── RECORDED INFORMATION

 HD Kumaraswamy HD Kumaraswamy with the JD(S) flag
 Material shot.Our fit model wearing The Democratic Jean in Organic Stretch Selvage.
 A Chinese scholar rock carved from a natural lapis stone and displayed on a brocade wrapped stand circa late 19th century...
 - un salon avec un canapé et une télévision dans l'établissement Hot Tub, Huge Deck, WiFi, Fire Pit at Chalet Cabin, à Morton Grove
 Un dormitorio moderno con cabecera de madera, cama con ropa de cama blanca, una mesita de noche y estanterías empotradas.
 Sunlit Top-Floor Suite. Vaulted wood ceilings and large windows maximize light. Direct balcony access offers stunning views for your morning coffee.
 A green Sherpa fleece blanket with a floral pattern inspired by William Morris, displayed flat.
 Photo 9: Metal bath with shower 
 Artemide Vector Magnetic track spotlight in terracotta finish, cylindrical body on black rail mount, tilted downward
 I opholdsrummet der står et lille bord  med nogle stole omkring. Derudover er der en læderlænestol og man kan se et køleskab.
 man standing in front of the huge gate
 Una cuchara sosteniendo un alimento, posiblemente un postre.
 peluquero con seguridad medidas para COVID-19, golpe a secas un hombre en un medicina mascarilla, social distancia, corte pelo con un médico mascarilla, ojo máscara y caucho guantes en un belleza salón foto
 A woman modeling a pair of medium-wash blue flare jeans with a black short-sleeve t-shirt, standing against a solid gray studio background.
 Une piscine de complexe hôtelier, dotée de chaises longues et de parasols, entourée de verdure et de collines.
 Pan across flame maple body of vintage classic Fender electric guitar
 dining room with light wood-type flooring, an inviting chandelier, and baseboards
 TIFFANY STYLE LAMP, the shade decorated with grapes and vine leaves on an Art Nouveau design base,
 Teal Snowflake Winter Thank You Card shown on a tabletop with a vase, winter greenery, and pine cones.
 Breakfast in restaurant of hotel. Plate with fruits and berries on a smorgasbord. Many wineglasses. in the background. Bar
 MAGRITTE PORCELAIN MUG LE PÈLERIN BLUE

────

PROBLEM TO WORK ON: Return word for word the lines above from the line with "Photo 9: Metal bath with shower" to the line with "A woman modeling", including both and leaving out all others.

TASK RESPONSE:
 Photo 9: Metal bath with shower 
 Artemide Vector Magnetic track spotlight in terracotta finish, cylindrical body on black rail mount, tilted downward
 I opholdsrummet der står et lille bord  med nogle stole omkring. Derudover er der en læderlænestol og man kan se et køleskab.
 man standing in front of the huge gate
 Una cuchara sosteniendo un alimento, posiblemente un postre.
 peluquero con seguridad medidas para COVID-19, golpe a secas un hombre en un medicina mascarilla, social distancia, corte pelo con un médico mascarilla, ojo máscara y caucho guantes en un belleza salón foto
 A woman modeling a pair of medium-wash blue flare jeans with a black short-sleeve t-shirt, standing against a solid gray studio background.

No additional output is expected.